以上のとおりであるとすれば、債権者等の右本案請求権執行保全のためには、債務者等の本件各土地に対する、及び債務者関東建設の本件建物に対する各占有を解いて執行吏にその保管を命じ、債務者等に対し現状不変更を条件として土地、建物の使用を許し、債務者等の本件土地建物における一切の工事を禁止し、右土地建物の占有移転を禁止するのが相当であり、本件仮処分決定のうちこの限度をこえる部分は保全の目的を逸脱し、又は二重の決定として不適法のものということになるからこれを右のように変更する。尚保証金額について考慮するのに債務者関東建設のためには債権者等に対して更に金十万円の追加担保を供することを命ずるのを相当と解する。

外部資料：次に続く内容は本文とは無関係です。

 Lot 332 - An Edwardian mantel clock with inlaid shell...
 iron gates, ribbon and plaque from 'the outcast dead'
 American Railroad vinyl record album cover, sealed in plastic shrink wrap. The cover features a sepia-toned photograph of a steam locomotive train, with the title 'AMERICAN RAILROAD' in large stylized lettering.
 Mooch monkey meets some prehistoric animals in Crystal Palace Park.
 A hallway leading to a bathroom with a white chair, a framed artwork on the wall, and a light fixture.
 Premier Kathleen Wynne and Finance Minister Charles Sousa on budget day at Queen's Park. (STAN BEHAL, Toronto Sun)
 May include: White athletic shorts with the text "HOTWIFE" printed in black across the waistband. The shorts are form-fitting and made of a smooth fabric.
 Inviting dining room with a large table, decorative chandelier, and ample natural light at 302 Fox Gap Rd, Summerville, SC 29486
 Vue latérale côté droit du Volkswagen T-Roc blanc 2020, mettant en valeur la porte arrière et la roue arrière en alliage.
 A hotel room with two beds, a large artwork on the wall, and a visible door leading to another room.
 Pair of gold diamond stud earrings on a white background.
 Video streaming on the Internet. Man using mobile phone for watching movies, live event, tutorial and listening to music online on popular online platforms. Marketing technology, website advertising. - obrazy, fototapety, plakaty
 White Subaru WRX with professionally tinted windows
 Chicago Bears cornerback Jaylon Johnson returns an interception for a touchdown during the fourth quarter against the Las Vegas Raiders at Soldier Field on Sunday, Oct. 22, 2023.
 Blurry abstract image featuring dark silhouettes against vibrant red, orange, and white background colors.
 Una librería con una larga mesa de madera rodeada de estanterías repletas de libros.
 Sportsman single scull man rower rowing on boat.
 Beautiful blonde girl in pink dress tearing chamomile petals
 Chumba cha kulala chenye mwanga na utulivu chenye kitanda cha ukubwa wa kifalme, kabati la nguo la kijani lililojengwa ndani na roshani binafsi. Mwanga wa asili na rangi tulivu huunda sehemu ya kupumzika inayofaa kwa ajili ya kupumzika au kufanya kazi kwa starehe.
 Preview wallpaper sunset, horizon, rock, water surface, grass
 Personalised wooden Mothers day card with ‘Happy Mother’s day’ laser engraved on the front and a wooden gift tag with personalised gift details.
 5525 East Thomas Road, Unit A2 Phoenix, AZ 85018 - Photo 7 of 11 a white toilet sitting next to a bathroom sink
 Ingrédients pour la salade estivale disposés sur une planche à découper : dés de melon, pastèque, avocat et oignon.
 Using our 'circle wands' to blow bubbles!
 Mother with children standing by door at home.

よつて民事訴訟法第七百五十六条、第七百四十五条第二項により債権者等に対し主文第一項のように追加保証を立てることを命じた上、本件仮処分決定を主文第二項乃至第六項掲記のとおり変更すべきものとし、訴訟費用の負担につき同法第九十五条、第八十九条、第九十二条、仮執行の宣言につき同法第七百五十六条の二、第百九十六条を各適用して主文のとおり判決する。